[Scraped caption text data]
┄┄┄┄┄┄┄┄┄┄

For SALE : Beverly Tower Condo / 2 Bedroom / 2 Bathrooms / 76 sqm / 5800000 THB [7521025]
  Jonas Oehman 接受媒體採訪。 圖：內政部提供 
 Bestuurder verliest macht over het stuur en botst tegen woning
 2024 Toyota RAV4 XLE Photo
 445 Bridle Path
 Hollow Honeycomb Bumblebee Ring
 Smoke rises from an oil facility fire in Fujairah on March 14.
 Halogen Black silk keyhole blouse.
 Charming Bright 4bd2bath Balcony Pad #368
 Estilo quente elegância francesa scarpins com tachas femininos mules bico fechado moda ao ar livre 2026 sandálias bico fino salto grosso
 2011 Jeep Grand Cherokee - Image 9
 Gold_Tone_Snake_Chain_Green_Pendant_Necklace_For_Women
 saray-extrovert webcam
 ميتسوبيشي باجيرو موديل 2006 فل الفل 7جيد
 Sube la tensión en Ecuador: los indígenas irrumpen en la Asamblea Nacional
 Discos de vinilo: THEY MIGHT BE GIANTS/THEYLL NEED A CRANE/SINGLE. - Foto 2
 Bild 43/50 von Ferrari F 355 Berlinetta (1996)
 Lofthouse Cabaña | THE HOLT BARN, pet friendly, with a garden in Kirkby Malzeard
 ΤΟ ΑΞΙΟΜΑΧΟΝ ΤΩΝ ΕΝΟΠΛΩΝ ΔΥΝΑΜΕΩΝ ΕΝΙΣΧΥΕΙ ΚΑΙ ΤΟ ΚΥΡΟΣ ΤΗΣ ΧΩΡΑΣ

┄┄┄┄┄┄┄┄┄┄

What needs to be done: Reproduce verbatim the stretch of lines beginning with the one containing "Charming Bright 4bd2bath Balcony Pad #368" and ending at the close of the entries above.

Result:
 Charming Bright 4bd2bath Balcony Pad #368
 Estilo quente elegância francesa scarpins com tachas femininos mules bico fechado moda ao ar livre 2026 sandálias bico fino salto grosso
 2011 Jeep Grand Cherokee - Image 9
 Gold_Tone_Snake_Chain_Green_Pendant_Necklace_For_Women
 saray-extrovert webcam
 ميتسوبيشي باجيرو موديل 2006 فل الفل 7جيد
 Sube la tensión en Ecuador: los indígenas irrumpen en la Asamblea Nacional
 Discos de vinilo: THEY MIGHT BE GIANTS/THEYLL NEED A CRANE/SINGLE. - Foto 2
 Bild 43/50 von Ferrari F 355 Berlinetta (1996)
 Lofthouse Cabaña | THE HOLT BARN, pet friendly, with a garden in Kirkby Malzeard
 ΤΟ ΑΞΙΟΜΑΧΟΝ ΤΩΝ ΕΝΟΠΛΩΝ ΔΥΝΑΜΕΩΝ ΕΝΙΣΧΥΕΙ ΚΑΙ ΤΟ ΚΥΡΟΣ ΤΗΣ ΧΩΡΑΣ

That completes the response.